NAIROBI
UN High Commissioner for Refugees Sadako Ogata marked Africa Refugee Day on Tuesday in a settlement for Sudanese refugees in Mungula, near Adjumani, in northern Uganda. Africa Refugee Day is observed annually to mark the anniversary of the adoption by the OAU of the African Refugee Convention, which is the cornerstone of refugee protection on the continent. Ogata and Prime Minister Apollo Nsibambi opened a new wing of a secondary school, one of the basic community services the UNHCR is supporting in refugee resettlement areas, UNHCR spokesman Kris Janowski said in a press briefing that day. Some 11,500 Sudanese refugees, who fled southern Sudan in 1994, live at the Mungula site one of 55 where the Ugandan government and UNHCR are cooperating on a self-reliance project aimed at reducing refugees’ dependence on continued international assistance, Janowski said.

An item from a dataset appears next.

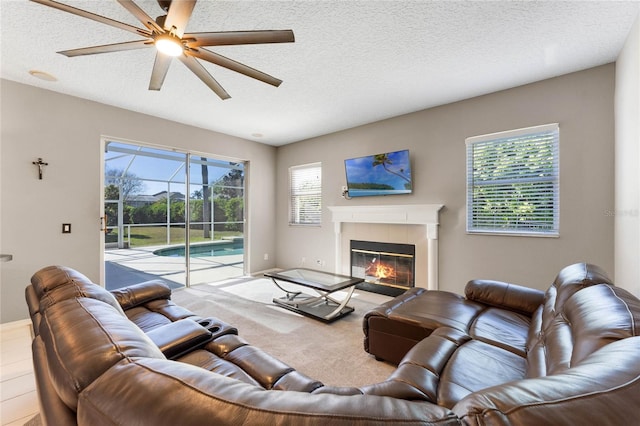 8611 Dover Oaks Ct, Orlando, FL 32836 - living room featuring ceiling fan, a sunroom, a textured ceiling, carpet floors, and a tile fireplace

Ogata had on Monday thanked Ugandan President Yoweri Museveni for the country’s generosity towards refugees and discussed the DRC conflict and strained Rwandan-Ugandan relations, he added. Uganda hosts some 202,000 refugees, over 183,000 of them from Sudan.Also on Monday, the High Commissioner had visited President Pierre Buyoya in Burundi, where discussion focused on the prospects for the return of some 350,000 refugees from Tanzania, as the prospects of a peace deal at the Arusha peace talks improved. Ogata told Buyoya “there would have to be tangible improvements in the security situation before UNHCR could promote repatriation to Burundi,” Janowski stated. During her stops in Rwanda, Burundi and Uganda, Ogata urged all Africans to show more tolerance towards refugees in their territories and drew attention to her agency’s public awareness campaign called ‘Roll-Back Xenophobia’.